St. Thomas University journalism professor Jan Wong has published yet another book.
Apron Strings: Navigating Food and Family in France, Italy, and China isn’t just about food. It’s about adding another book to the mother-son genre besides Oedipus Rex, the story of a Greek king who killed his father and married his mother.
“I could hardly find any books about mothers and sons. That’s why I wanted to write this,” Wong said.
“There’s lots of books about fathers and daughter and mothers and daughters and fathers and sons, but after that, the original mother-son story is Oedipus — it killed the genre.”
On Thursday, Sept. 27 in Kinsella Auditorium, Wong discussed her recently published book to an audience of faculty, friends and former students. Beside exploring her own mother-son relationships, her book delves into the globalization of food trends, the history of food and familial traditions involving food.
Wong came up with the idea for the book when her oldest son Ben announced he was thinking of getting married.
“It just didn’t occur to me that he would ever get married,” she said.
Days later, he tied the knot.
“That was the moment I realized I lost my son. I didn’t really lose him, but I was demoted to second place in the hierarchy of women in his life,” Wong said.
“I looked at Sam and I thought, ‘I don’t have any time left. One day he’s just going to call me up and tell me he’s getting married and I won’t even be invited to the wedding.”
So, she asked her youngest son Sam to promise her that she’d be invited to his wedding when the time came.
Sam responded with, “Oh, mom, I forgot to tell you I got married last week.”
Yearning to rekindle that mother-son bond, Wong began brainstorming.
“So, I started thinking what kind of project can I do that will force Sam to eat breakfast, lunch and super with me for many, many days on end?” she said.
Besides her adoration for her sons, Wong’s love of food and cooking were also strong motivations for writing Apron Strings.
She didn’t know what to expect when she and Sam left for the three-month trip to France, China and Italy to write the book, but while traveling, she had the opportunity to live with, learn and connect with local families.
At the launch, Wong recounted some tales from her journey. She discussed her stay in a farmhouse with a French family who opened up their home to a family of undocumented migrants from Georgia and her excursion with a rich lady in Shanghai who refused to eat lunch and rarely visited her father in the hospital.

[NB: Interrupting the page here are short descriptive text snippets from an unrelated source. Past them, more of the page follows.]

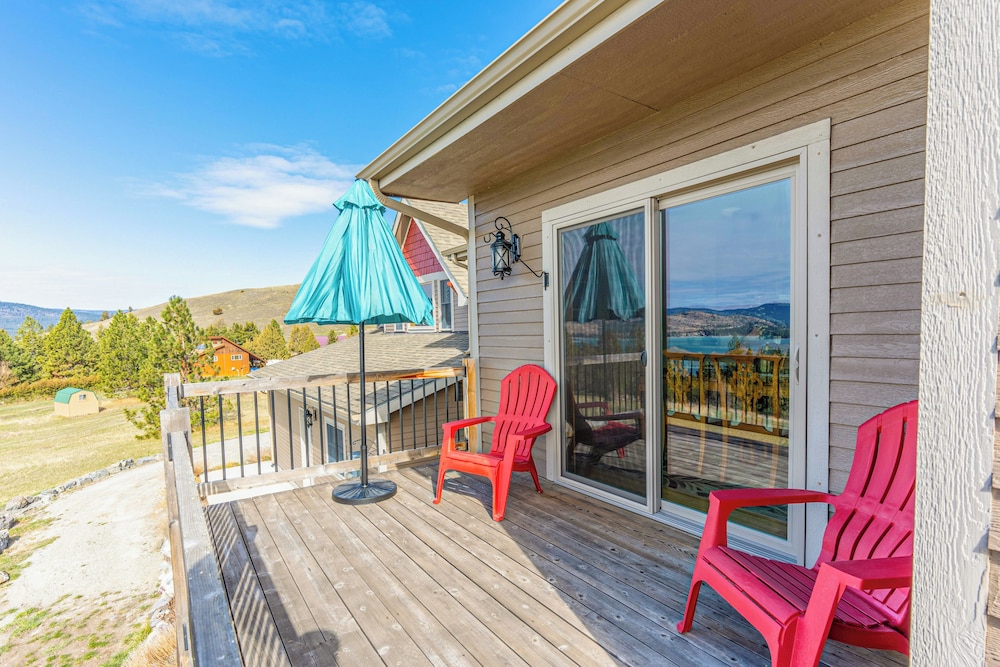 Spectacular Lake-view Retreat w/ Deck, Grill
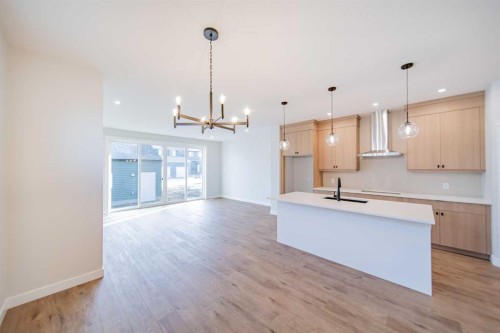 22 Herron Common Ne, Calgary, AB - Indoor Photo Showing Kitchen
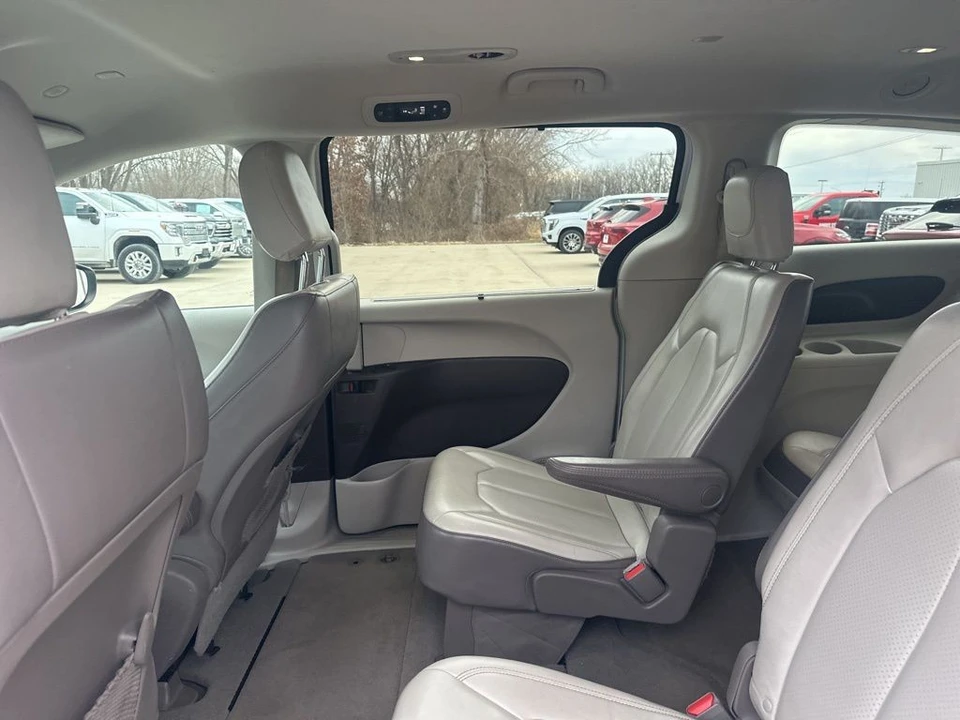 2020 Chrysler - Image 10 of 12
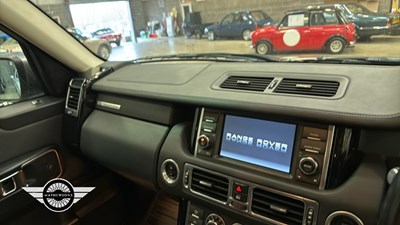 Lot 870 - 2010 LAND ROVER RANGE ROVER VOGUE TDV8 A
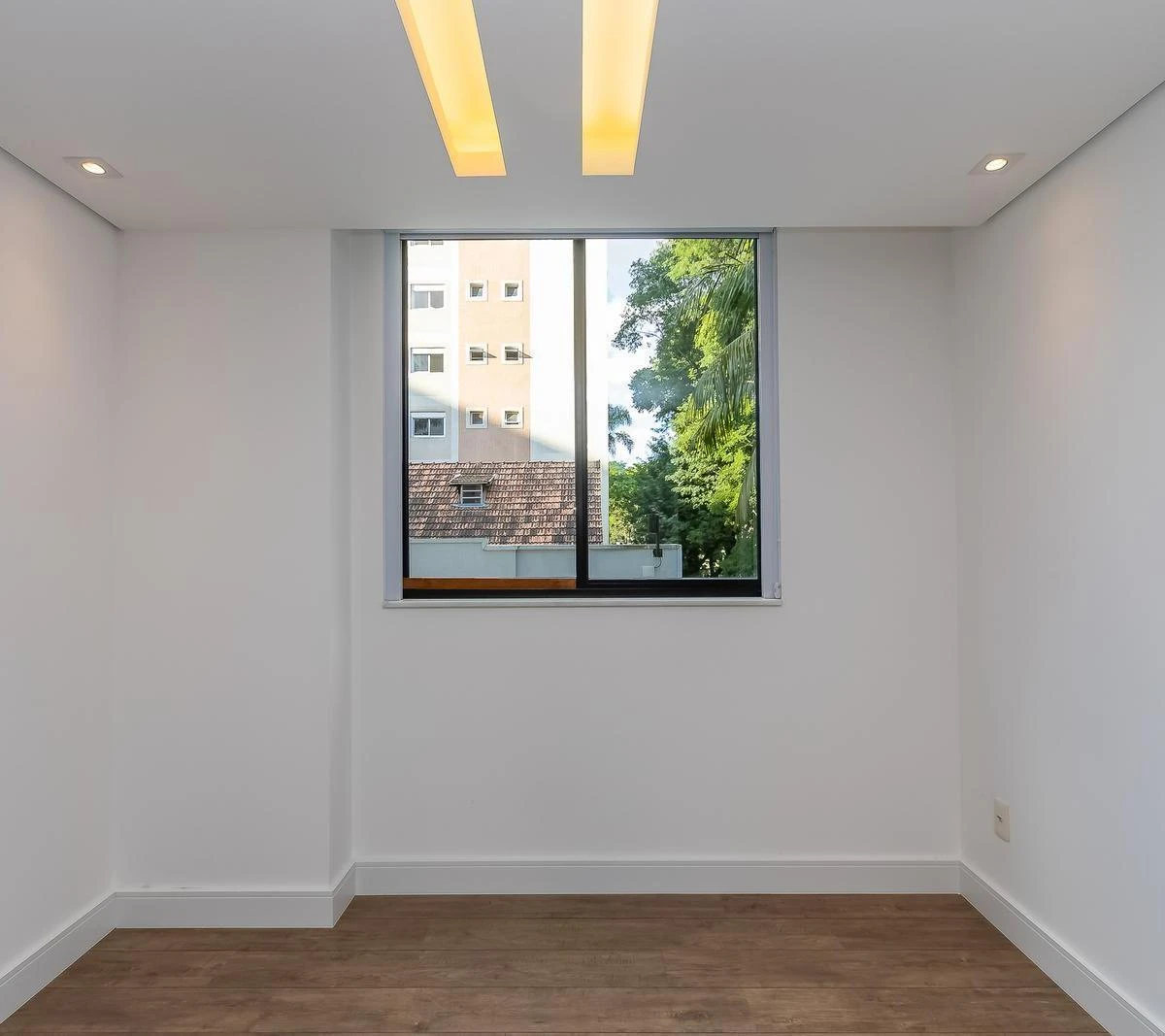 Apartamento de 2 quartos com janelas do piso ao teto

“It’s not just a book about cooking. It’s a book about people and families and love and dissension,” she said.
While on the trip, she and Sam had one fight. The argument was about the order of courses to eat first.
“It was so bad … my husband was supposed to come visit us and he said, ‘I’m not coming.'”
She felt she had to include the fight between Sam and her in the book because she had described the lives — and secrets — of the families she stayed with.
She said the writing of the book went perfectly and, in the end, all the pieces of her journey connected smoothly.
“It’s wonderful to write a book, but it’s even better when people read.”